77 years ago today (October 9, 1940), John Winston Lennon was born. In celebration of the music icon's life, here are his 20 most underrated tracks.
‘John Sinclair’, Some Time In New York City (1972). A strident defence of the writer and MC5 manager busted for marijuana possession.
‘How Do You Sleep?’, Imagine (1971). The back of Paul McCartney’s second solo album featured a picture of two beetles shagging – Macca’s oblique way of telling Lennon to fuck himself. John responded with this acutely bitter song, featuring lyrics brazenly goading Paul and a ‘Yesterday’ reference to make you wince.
‘New York City’, Some Time In New York City (1972). When Lennon and Yoko moved to the US in 1971, they found themselves hanging out with radicalised artists and wrote this rock’n’roll stomp about the freaky new friends they were making – at the same time the FBI were trying to send them back to Britain.
‘Bring On The Lucie (Freda Peeple)’, Mind Games (1973). Lighter-waving plea for social and emotional emancipation – one of Lennon’s catchiest songs.
‘I Found Out’, John Lennon/Plastic Ono Band (1970). Heavy electric blues rocker on which Lennon rages against organised religion, specifically George Harrison’s fascination with Eastern mysticism.
‘Being For The Benefit Of Mr. Kite!’, Sgt. Pepper’s Lonely Hearts Club Band (1967). Eerie evocation of a fairground with lyrics from a circus poster Lennon found in a junk shop.
‘Mind Games’, Mind Games (1973). Begun in 1969 for ‘Let It Be’, ‘Mind Games’ became a Lennon solo single in 1973. Where once he’d explored mind expansion with fistfuls of LSD, now Lennon was inspired by pop psychology, in this case a book of mind training exercises intended to unleash creative potential.
‘One Day (At A Time)’, Mind Games (1973). This lovely spectral waltz may be one of the very many tributes Lennon wrote to Yoko, but it’s also the most affecting.

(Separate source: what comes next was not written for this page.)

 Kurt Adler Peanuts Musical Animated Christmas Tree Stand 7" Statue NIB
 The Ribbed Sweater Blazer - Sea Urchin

‘Grow Old With Me’, Milk And Honey (1984). With lyrics inspired by a Robert Browning poem, this simple ballad for Yoko is more heartbreaking for the fact that he never did grow old.
‘Out The Blue’, Mind Games (1973). Another beautiful Yoko tribute, augmented by a gospel choir.
‘Yes It Is’, Ticket To Ride single (1965). Cryptic mid-period Beatles ballad, hidden away as a B-side, on which Lennon urges his lover not to wear a red dress.
‘#9 Dream’, Walls And Bridges (1974). This string-laden wonder continued John’s fascination with the number nine (he was born on October 9), combining it with a just-woken-up sense of yearning for the departed Yoko – what Lennon’s then-girlfriend May Pang, who sings on the song, made of it is anyone’s guess.
‘Meat City’, Mind Games (1973). Contains Lennon’s favourite curse – “fuck a pig” – sped up and backwards masked.
‘One After 909’, Let It Be (1970). The number nine again – one of the first songs Lennon wrote with McCartney in the late ’50s, finally released in 1970.
‘I Don’t Want To Spoil The Party’, Beatles For Sale (1964). Countrified album track, rumoured to be about Ronnie Spector, who often claims she should’ve married Lennon.
‘Going Down On Love’, Walls And Bridges (1974). You can’t see Macca writing a song about cunnilingus. But Lennon did and it was great.
‘Real Love’, Anthology 2 (1996). A demo at the time of Lennon’s death, this was reworked by the remaining Beatles in the ’90s.
‘Glass Onion’, The Beatles (1968). Lennon loved to wind up The Beatles’ more credulous/stoned fans, leaving mistakes and malapropisms in songs like this, one of his most self-referential, for them to analyse – but it was these kind of hidden messages that ‘persuaded’ Mark Chapman to assassinate him.